Très peu oui très peu sont ces camerounais qui peuvent toute peur gardée s’aventurer à présenter le Secrétariat d’Etat à la Défense (SED) comme un lieu ordinaire, un service d’enquêtes spécial. Au fil des ans, ce lieu a accru sa réputation d’une machine à broyer certaines pontes du régime qualifiés de ‘’ prisonniers de luxe ‘’. Entre peur et mystères, le SED est au service de son créateur, un service de l’Etat à caractère spécial.

Titus Edzoa, Marafa Hamidou Yaya, Emmanuel Gérard Ondo Ndong, Polycarpe Abah Abah… pour ne citer que ceux-là, des noms bien connus au Cameroun, des noms bien connus au Secrétariat d’Etat à la Défense. Si tous ont un dénominateur commun, celui d’avoir séjourné (ou séjournent encore) en ces lieux, tous ont particularité d’avoir servi au plus haut sommet de l’Etat. Ministres, secrétaires généraux de la présidence de la Républiques, directeurs généraux de sociétés d’Etats… Tous oui tous connaissent bien les locaux du SED pour le même motif : Détournement de deniers publics selon la version officielle. Mais au-delà de cette raison avancée par les accusateurs, nombreux seraient parmi eux des victimes d’un régime politique jaloux de son pouvoir. Ne dit-on pas que le pouvoir est jaloux ? Ces prisonniers sont spéciaux, ils ne sont pas du droit commun, et méritent certainement un traitement spécial, un traitement hors du commun. Bienvenue le SED !!!

Marafa Hamidou Yaya au sortir d’une audience

« Le SED est la prison de ceux qui détiennent des informations sur l’État ou sur Paul Biya », résume un visiteur régulier habitué des lieux. Un ex-collaborateur du Président de la République est encore plus explicite : « Le SED est le lieu où l’on met au secret les prisonniers les plus dangereux, à savoir ceux que le chef de l’État considère comme des menaces pour sa propre survie ». Rien n’est donc censé sortir de ses murs ou presque. Pour se « débarasser » de ceux-là tout en ayant un œil sur eux, il fallait faire quelque chose, et la prison centrale de Nkondengui n’est pas approprié car trop ouverte au public.

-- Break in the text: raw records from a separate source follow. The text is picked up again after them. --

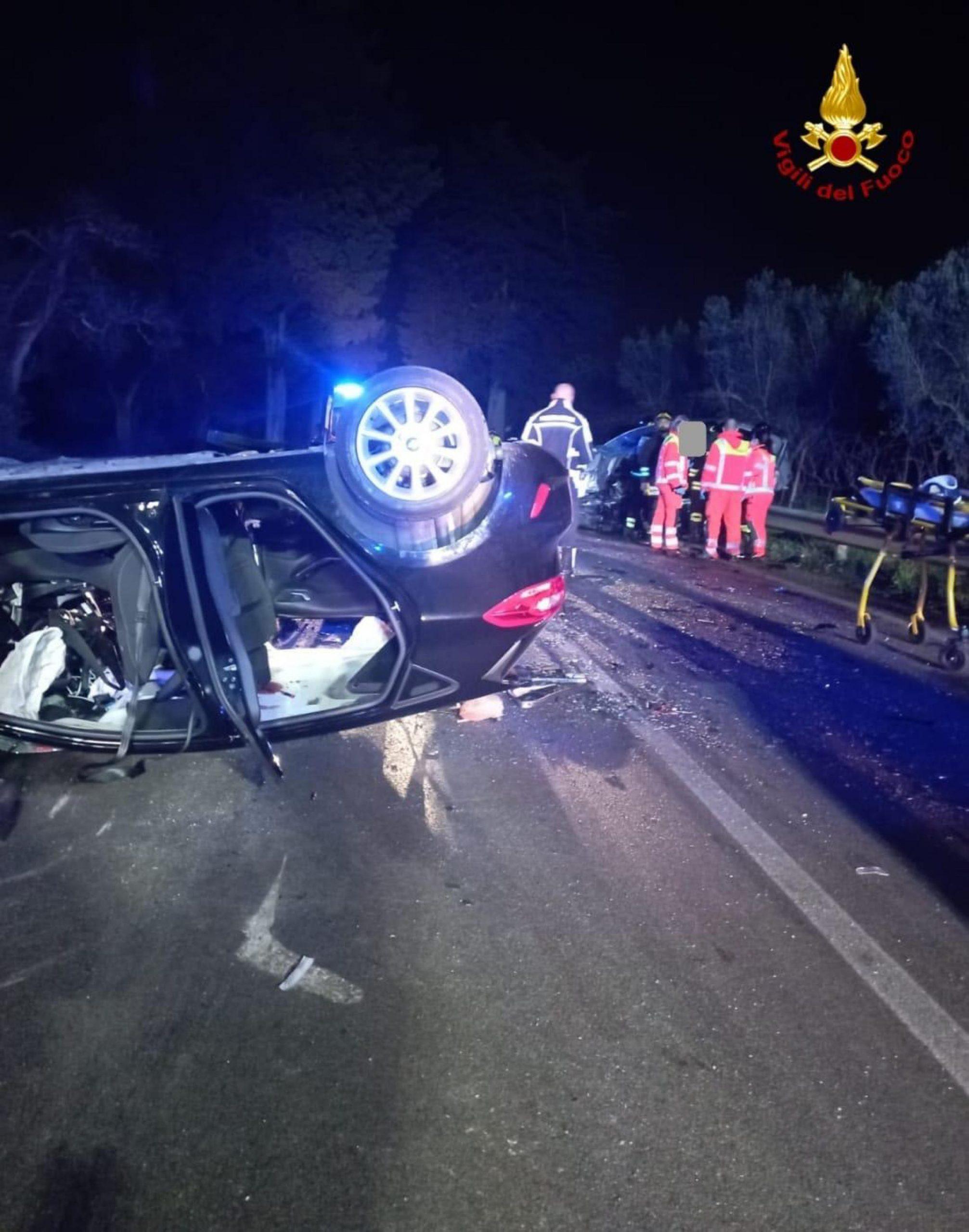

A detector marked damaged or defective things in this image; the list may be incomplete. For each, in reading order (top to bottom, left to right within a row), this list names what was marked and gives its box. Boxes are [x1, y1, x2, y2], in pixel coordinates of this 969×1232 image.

second damaged car [0, 362, 567, 769]
overturned black car [0, 362, 569, 769]
broken plastic fragment [277, 951, 311, 990]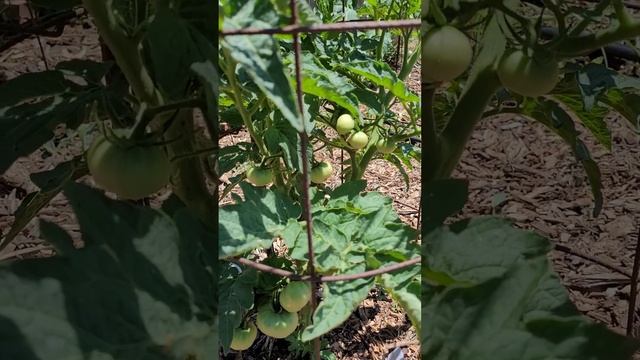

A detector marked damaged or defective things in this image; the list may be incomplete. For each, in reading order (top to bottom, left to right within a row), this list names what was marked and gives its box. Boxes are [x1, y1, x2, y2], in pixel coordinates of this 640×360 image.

rusty metal cage wire [218, 1, 422, 358]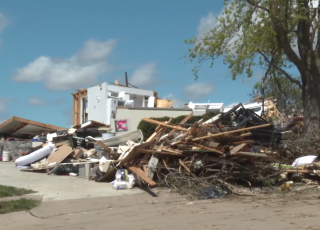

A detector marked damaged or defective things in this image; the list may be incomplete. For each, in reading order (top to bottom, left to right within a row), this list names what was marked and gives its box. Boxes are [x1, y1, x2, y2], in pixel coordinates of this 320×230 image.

splintered lumber [168, 112, 192, 136]
broken wooden plank [192, 123, 270, 141]
splintered lumber [192, 124, 270, 142]
splintered lumber [127, 164, 158, 187]
broken wooden plank [127, 164, 158, 187]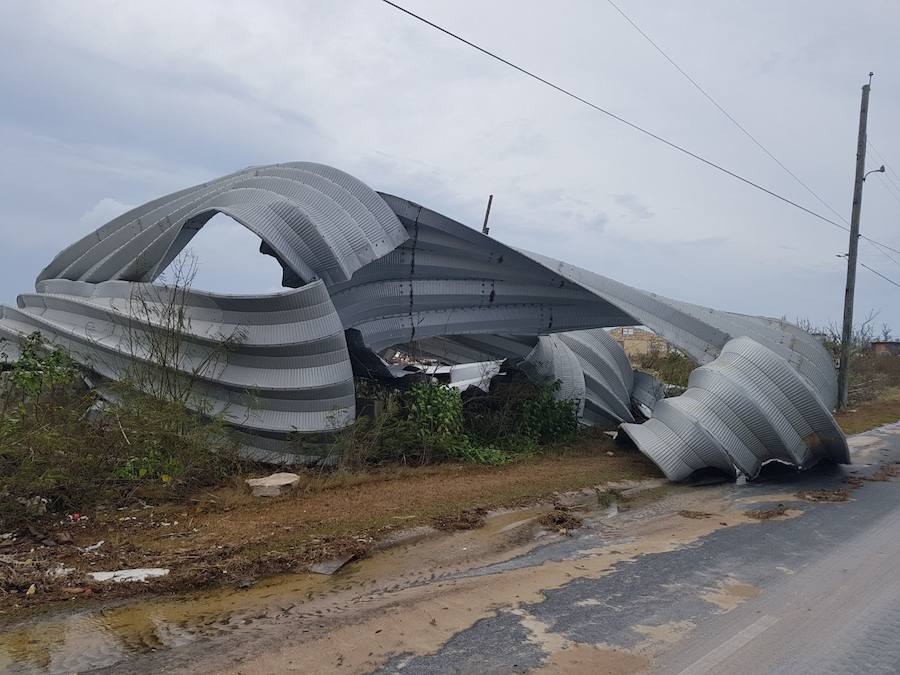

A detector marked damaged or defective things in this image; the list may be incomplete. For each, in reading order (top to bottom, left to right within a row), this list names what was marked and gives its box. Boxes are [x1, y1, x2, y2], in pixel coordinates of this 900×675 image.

crumpled steel roof [0, 164, 844, 480]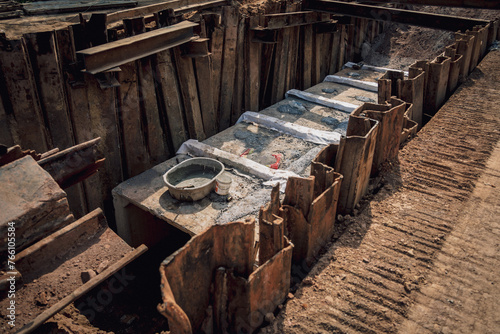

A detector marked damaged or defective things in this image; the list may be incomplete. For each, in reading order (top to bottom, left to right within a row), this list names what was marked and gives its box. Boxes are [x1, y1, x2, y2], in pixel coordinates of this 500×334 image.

rusted metal panel [76, 21, 197, 75]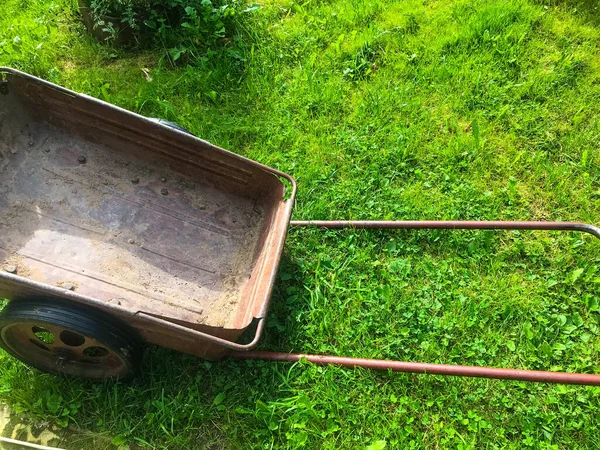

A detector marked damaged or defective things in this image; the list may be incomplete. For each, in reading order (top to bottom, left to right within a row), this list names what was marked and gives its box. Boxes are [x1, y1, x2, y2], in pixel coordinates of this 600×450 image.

rusty metal cart [1, 68, 600, 384]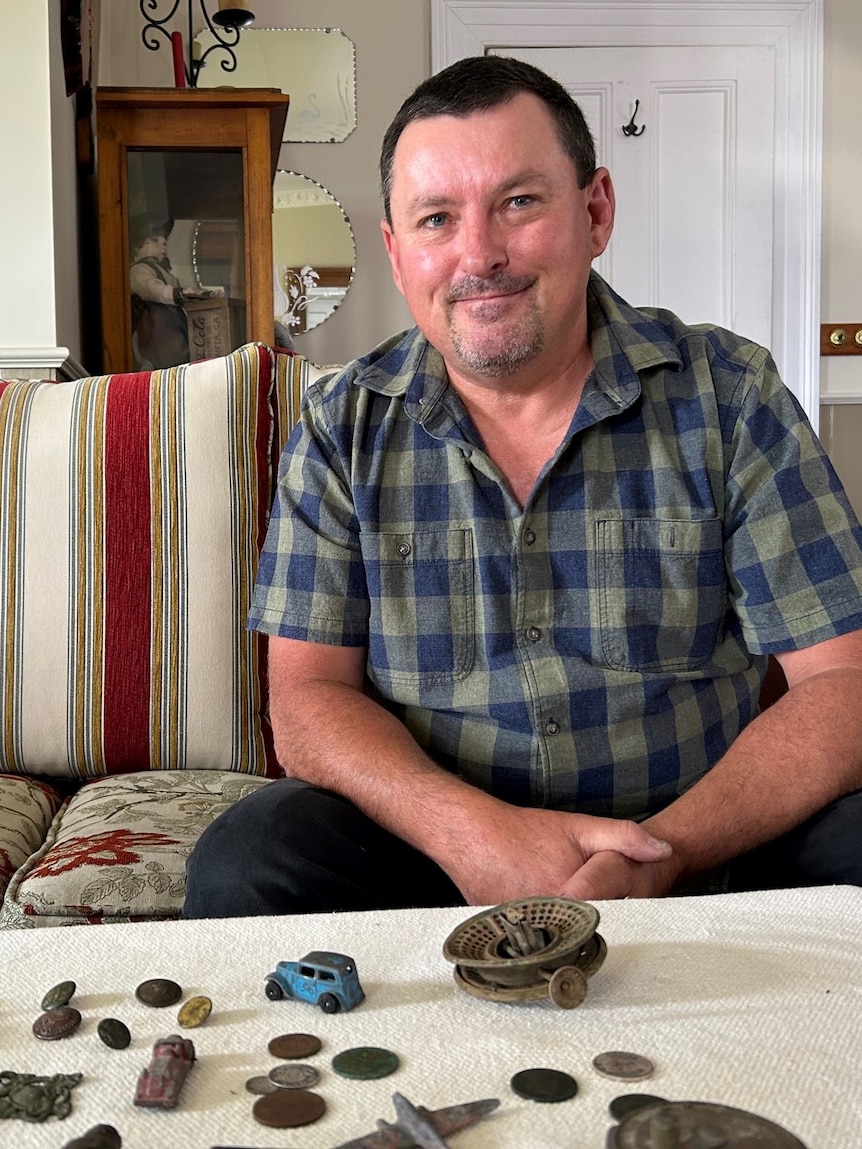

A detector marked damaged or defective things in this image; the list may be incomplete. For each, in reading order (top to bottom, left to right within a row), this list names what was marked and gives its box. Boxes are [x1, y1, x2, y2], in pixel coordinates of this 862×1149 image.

rusted metal object [445, 896, 606, 1006]
green corroded coin [40, 983, 75, 1011]
green corroded coin [97, 1024, 131, 1052]
rusted toy car [133, 1034, 195, 1103]
green corroded coin [331, 1047, 402, 1080]
green corroded coin [512, 1066, 581, 1103]
corroded metal disc [606, 1098, 809, 1144]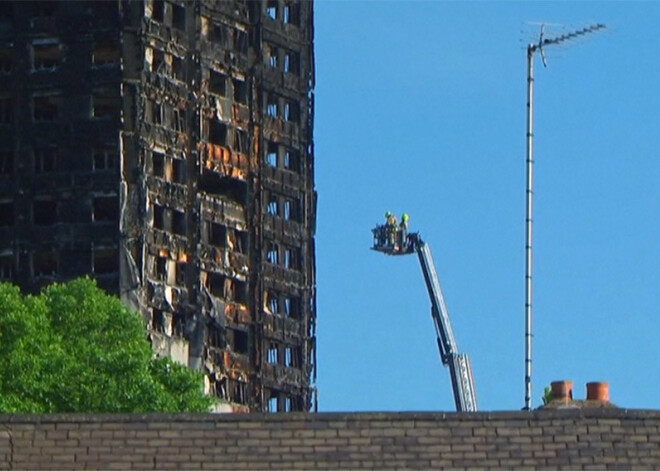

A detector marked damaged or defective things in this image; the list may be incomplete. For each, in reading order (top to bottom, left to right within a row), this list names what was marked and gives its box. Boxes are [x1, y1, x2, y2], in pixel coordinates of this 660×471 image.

burnt window opening [282, 2, 300, 25]
burnt window opening [32, 42, 61, 70]
burnt window opening [92, 41, 119, 67]
burnt window opening [232, 28, 248, 54]
burnt window opening [286, 49, 302, 74]
burnt window opening [210, 69, 228, 96]
burnt window opening [229, 78, 245, 105]
burnt window opening [33, 96, 60, 122]
burnt window opening [91, 94, 120, 120]
burnt window opening [284, 99, 300, 122]
burnt window opening [210, 119, 228, 145]
burnt window opening [232, 129, 248, 153]
burnt window opening [33, 148, 57, 173]
burnt window opening [93, 148, 118, 172]
burnt window opening [284, 148, 300, 172]
burnt window opening [199, 171, 248, 206]
burnt window opening [32, 201, 57, 227]
burnt window opening [93, 196, 118, 224]
charred cladding panel [0, 0, 314, 412]
charred concrete facade [0, 0, 318, 412]
burned tower block [0, 0, 318, 412]
burnt window opening [206, 222, 227, 249]
burnt window opening [31, 253, 57, 278]
burnt window opening [93, 247, 118, 276]
burnt window opening [284, 247, 302, 270]
burnt window opening [284, 296, 302, 320]
burnt window opening [233, 330, 251, 356]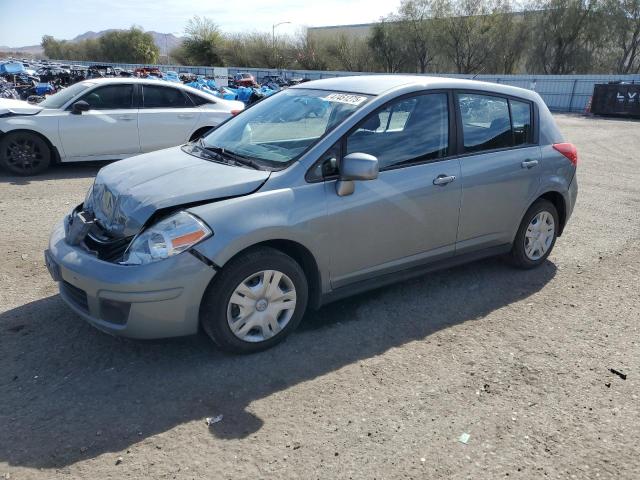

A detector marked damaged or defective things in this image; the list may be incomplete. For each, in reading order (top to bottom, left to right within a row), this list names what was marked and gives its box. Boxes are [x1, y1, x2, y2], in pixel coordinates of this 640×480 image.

crumpled hood [0, 98, 42, 116]
crumpled hood [85, 145, 270, 237]
damaged front bumper [45, 220, 215, 338]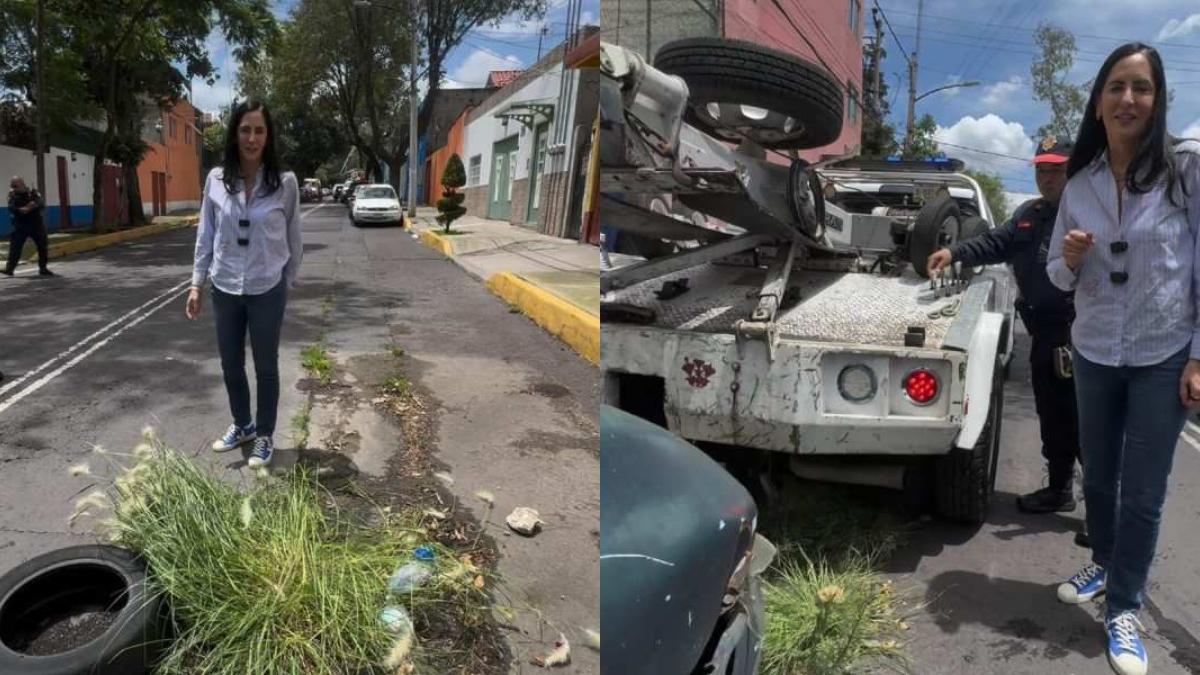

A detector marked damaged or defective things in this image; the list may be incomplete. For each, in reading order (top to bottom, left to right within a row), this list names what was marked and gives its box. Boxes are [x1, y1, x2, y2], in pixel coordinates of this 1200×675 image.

abandoned tire [656, 38, 844, 149]
abandoned tire [908, 195, 964, 280]
abandoned tire [932, 356, 1008, 524]
abandoned tire [0, 548, 169, 672]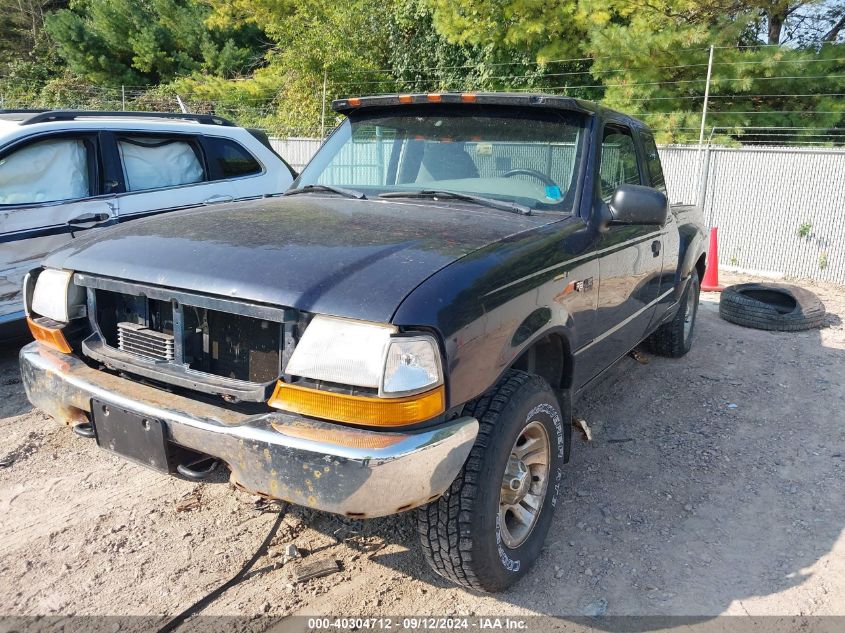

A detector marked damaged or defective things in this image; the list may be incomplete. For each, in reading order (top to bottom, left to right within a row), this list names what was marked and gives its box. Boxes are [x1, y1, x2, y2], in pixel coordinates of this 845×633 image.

rust on bumper [19, 344, 478, 516]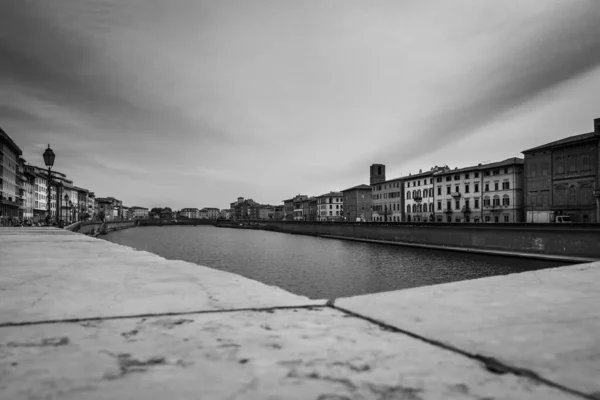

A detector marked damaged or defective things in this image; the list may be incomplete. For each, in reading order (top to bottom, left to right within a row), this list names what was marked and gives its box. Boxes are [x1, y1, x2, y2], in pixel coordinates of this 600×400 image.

crack in concrete [330, 304, 596, 400]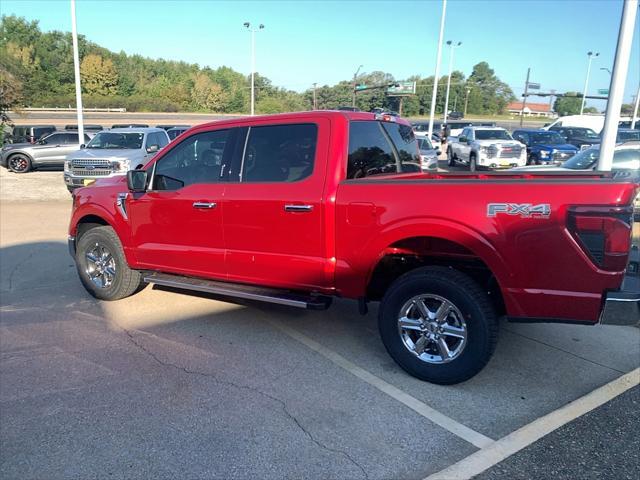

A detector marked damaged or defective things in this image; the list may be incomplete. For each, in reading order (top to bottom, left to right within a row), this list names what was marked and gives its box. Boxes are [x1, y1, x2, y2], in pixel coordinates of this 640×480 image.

cracked pavement [1, 201, 640, 478]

Fidèle serviteur du Chef de l’Etat, Amadou Ali, le notable de Kolofata et alors l’un des plus proches collaborateurs de Paul Biya en matière de sécurité et a la main sur la gendarmerie comme délégué, puis secrétaire d’État depuis 1983.

Amadou Ali, ancien Ministre

En 1996, il cumule même cette fonction avec celle de secrétaire général de la présidence puis de ministre délégué à la Défense, un an plus tard. « Biya avait un problème. Amadou Ali lui a apporté une solution », poursuit une source.
Ali fait donc aménager le SED qui n’est alors qu’un simple camp militaire. Deux espaces de 7 mètres carrés sont convertis en cellules, au sous-sol du secrétariat d’État, non loin des stocks d’armes des gendarmes. Une pour Titus Edzoa, ancien proche collaborateur du Président et devenu « gourmand » tel un jeune loup aux dents longues qui veut déjà la place du Chef, l’autre pour Michel Thierry Atangana, un de ses proches pressenti pour être son directeur de campagne. Ce dernier s’en souvient. « On appelait cet endroit le fourgon. Il n’y avait pas d’air, pas de lumière et tout était fait pour nous couper du monde. C’était un enfer. Je crois que l’intention était de faire mourir. » Titus Edzoa – condamné une nouvelle fois à vingt ans de prison en 2012 – et Michel Thierry Atangana ne seront libérés qu’en 2014.

De zone de détention à lieu d’isolement.

Si Jean-Pierre Amougou Bélinga, Justin Danwe, Léopold Maxime Eko Eko et leurs codétenus dans l’affaire Martinez Zogo n’ont passés que quelques jours en ces lieux, d’autres à l’instar de Marafa Hamidou Yaya n’ont pas eu cette chance, ce privilège. Il fait partie de ceux que le journal jeune Afrique avait surnommé « Very Important Prisoners ». L’ancien secrétaire général de la présidence et ex-tout puissant ministre de l’Administration territoriale, condamné en 2012 pour complicité intellectuelle et détournement de deniers publics, s’est reconstruit un quotidien derrière les murs de sa prison. Il occupe aujourd’hui une cellule aménagée dans un bâtiment en forme de U qui abritait naguère des bureaux.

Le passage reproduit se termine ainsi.